── RECORDED DATA ──
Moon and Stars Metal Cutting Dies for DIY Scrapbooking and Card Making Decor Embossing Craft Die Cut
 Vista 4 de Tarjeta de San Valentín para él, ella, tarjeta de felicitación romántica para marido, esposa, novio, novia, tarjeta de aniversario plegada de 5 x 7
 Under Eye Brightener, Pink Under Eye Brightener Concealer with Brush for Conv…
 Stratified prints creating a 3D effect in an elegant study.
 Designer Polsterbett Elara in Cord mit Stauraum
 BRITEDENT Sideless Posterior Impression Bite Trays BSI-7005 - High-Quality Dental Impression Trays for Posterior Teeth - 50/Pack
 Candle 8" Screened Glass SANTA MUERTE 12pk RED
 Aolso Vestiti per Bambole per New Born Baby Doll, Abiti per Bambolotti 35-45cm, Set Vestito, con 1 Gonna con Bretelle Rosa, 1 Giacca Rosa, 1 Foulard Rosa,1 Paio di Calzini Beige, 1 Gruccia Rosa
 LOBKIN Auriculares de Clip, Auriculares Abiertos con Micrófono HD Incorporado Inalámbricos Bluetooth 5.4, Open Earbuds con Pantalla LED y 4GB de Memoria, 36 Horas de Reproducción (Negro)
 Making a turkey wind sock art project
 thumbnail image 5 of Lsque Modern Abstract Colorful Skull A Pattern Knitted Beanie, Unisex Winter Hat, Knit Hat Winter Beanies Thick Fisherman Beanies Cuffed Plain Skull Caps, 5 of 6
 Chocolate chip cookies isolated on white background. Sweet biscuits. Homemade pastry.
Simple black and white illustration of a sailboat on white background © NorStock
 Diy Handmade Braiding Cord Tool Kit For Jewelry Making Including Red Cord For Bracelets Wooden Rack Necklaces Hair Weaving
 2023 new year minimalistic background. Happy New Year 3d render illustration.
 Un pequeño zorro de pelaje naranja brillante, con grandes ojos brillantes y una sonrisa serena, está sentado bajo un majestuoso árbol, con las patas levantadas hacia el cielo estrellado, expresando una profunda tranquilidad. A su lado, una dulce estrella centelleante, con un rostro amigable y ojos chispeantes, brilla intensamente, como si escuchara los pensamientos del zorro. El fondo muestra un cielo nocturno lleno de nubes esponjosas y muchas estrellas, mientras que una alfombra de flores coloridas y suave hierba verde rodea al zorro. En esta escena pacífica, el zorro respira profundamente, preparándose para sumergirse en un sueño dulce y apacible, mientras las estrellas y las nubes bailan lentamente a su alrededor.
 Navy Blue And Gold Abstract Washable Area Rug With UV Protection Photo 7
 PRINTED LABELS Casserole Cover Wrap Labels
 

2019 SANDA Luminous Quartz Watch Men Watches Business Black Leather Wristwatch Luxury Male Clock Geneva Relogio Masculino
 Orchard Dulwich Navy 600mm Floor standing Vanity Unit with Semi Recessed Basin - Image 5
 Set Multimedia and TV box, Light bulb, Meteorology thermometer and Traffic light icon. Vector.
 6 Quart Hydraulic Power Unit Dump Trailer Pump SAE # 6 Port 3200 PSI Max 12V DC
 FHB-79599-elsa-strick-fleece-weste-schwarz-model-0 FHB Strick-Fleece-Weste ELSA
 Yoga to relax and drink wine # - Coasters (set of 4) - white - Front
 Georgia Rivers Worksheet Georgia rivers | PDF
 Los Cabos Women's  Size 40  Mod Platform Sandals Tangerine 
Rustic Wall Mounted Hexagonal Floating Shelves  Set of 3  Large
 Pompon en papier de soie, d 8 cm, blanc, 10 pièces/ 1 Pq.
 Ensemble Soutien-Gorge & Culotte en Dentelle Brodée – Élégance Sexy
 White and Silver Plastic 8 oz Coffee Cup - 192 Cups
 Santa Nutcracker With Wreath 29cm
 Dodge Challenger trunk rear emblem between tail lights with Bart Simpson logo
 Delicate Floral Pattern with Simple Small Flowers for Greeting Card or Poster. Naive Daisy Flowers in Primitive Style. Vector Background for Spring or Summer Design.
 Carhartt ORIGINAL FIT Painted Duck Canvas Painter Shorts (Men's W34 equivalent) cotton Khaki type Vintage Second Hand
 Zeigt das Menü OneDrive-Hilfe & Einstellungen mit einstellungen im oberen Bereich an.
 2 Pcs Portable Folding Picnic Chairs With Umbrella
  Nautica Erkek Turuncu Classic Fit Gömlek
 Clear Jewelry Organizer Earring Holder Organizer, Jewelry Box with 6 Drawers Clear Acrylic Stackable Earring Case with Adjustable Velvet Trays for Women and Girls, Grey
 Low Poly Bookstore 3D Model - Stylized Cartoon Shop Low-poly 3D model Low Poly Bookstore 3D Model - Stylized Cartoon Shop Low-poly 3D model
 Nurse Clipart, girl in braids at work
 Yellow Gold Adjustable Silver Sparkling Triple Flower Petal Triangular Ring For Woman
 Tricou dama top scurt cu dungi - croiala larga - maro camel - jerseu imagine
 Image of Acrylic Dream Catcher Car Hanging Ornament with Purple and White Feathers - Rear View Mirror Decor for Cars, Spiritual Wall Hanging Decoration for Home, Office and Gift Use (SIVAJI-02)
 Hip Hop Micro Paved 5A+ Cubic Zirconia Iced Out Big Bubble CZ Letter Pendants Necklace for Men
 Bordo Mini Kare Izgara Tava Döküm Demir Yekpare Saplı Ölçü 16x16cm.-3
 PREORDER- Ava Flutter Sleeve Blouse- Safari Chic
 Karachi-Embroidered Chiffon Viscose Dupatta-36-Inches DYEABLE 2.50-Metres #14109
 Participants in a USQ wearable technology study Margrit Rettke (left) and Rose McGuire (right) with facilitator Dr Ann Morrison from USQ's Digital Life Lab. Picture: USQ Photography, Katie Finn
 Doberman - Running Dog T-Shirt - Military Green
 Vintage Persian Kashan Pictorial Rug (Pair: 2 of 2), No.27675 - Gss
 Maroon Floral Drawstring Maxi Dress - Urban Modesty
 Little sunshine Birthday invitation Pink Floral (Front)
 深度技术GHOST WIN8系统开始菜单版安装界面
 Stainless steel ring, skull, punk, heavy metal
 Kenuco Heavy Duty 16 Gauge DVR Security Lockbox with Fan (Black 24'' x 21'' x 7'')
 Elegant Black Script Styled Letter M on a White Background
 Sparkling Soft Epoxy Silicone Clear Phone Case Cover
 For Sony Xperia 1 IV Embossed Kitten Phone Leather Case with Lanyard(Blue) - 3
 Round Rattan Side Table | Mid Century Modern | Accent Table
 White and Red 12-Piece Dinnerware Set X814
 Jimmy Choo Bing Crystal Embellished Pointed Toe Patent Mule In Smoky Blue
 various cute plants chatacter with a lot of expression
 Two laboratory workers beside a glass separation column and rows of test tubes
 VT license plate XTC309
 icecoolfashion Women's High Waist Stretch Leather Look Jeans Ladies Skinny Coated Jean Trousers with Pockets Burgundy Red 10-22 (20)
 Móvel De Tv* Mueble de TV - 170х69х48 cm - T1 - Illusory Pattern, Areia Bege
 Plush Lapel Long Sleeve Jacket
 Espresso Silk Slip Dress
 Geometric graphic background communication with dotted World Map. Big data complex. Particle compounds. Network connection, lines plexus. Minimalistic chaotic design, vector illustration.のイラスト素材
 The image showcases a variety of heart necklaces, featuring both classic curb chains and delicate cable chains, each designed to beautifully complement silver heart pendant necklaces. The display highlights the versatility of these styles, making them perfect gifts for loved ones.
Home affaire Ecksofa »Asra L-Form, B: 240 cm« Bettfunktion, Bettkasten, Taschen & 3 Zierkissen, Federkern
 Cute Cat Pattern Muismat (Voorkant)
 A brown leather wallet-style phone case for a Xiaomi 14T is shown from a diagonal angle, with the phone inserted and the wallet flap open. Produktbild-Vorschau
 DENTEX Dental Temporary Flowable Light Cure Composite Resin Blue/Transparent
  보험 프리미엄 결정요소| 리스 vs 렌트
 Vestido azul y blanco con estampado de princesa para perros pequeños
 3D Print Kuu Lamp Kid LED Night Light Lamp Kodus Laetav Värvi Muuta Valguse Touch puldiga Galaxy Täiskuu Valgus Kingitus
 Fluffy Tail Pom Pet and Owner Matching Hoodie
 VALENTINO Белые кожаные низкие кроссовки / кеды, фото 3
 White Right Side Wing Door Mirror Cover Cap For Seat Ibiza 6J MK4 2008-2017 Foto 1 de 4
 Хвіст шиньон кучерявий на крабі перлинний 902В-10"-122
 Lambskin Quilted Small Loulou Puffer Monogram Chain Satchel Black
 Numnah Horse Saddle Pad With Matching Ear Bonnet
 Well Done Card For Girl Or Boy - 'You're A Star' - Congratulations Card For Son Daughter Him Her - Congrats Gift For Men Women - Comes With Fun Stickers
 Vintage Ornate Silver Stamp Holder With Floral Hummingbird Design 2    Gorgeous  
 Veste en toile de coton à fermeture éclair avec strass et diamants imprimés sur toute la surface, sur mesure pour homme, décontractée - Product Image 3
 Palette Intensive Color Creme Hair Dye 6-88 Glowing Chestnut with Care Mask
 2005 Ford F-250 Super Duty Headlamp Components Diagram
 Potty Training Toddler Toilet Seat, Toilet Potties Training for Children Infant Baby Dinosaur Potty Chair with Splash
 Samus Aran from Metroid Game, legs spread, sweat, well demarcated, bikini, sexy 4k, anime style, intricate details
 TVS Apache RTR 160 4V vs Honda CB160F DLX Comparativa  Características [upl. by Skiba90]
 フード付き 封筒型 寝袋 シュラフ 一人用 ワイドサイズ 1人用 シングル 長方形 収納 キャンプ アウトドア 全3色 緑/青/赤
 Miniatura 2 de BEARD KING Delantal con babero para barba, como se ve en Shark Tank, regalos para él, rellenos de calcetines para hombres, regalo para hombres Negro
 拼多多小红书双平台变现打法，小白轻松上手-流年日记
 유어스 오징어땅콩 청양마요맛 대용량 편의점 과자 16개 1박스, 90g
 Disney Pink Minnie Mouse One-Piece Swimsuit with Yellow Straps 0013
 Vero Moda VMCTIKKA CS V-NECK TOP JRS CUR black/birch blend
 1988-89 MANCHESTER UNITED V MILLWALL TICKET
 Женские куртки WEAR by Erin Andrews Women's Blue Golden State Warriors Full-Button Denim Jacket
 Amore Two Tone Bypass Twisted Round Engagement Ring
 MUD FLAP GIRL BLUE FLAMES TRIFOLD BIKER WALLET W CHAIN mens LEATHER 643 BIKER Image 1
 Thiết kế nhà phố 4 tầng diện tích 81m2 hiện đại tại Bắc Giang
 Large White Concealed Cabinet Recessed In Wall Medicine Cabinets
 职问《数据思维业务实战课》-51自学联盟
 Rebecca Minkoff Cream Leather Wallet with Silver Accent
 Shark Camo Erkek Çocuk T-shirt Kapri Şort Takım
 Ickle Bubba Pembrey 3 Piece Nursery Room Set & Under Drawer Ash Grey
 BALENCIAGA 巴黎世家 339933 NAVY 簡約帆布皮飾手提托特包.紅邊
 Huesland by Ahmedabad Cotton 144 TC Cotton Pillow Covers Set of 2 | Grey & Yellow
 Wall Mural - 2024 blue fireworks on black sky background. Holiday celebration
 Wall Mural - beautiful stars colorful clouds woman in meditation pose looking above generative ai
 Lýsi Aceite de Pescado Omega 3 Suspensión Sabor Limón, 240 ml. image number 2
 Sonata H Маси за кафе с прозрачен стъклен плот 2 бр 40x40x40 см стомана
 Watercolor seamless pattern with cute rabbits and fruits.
───
WORK TO COMPLETE: In the records above, the line with "Hip Hop Micro" marks the start and the line with "Doberman - Running" marks the end; copy that stretch exactly, both lines included, and nothing else.

WRITTEN REPLY:
 Hip Hop Micro Paved 5A+ Cubic Zirconia Iced Out Big Bubble CZ Letter Pendants Necklace for Men
 Bordo Mini Kare Izgara Tava Döküm Demir Yekpare Saplı Ölçü 16x16cm.-3
 PREORDER- Ava Flutter Sleeve Blouse- Safari Chic
 Karachi-Embroidered Chiffon Viscose Dupatta-36-Inches DYEABLE 2.50-Metres #14109
 Participants in a USQ wearable technology study Margrit Rettke (left) and Rose McGuire (right) with facilitator Dr Ann Morrison from USQ's Digital Life Lab. Picture: USQ Photography, Katie Finn
 Doberman - Running Dog T-Shirt - Military Green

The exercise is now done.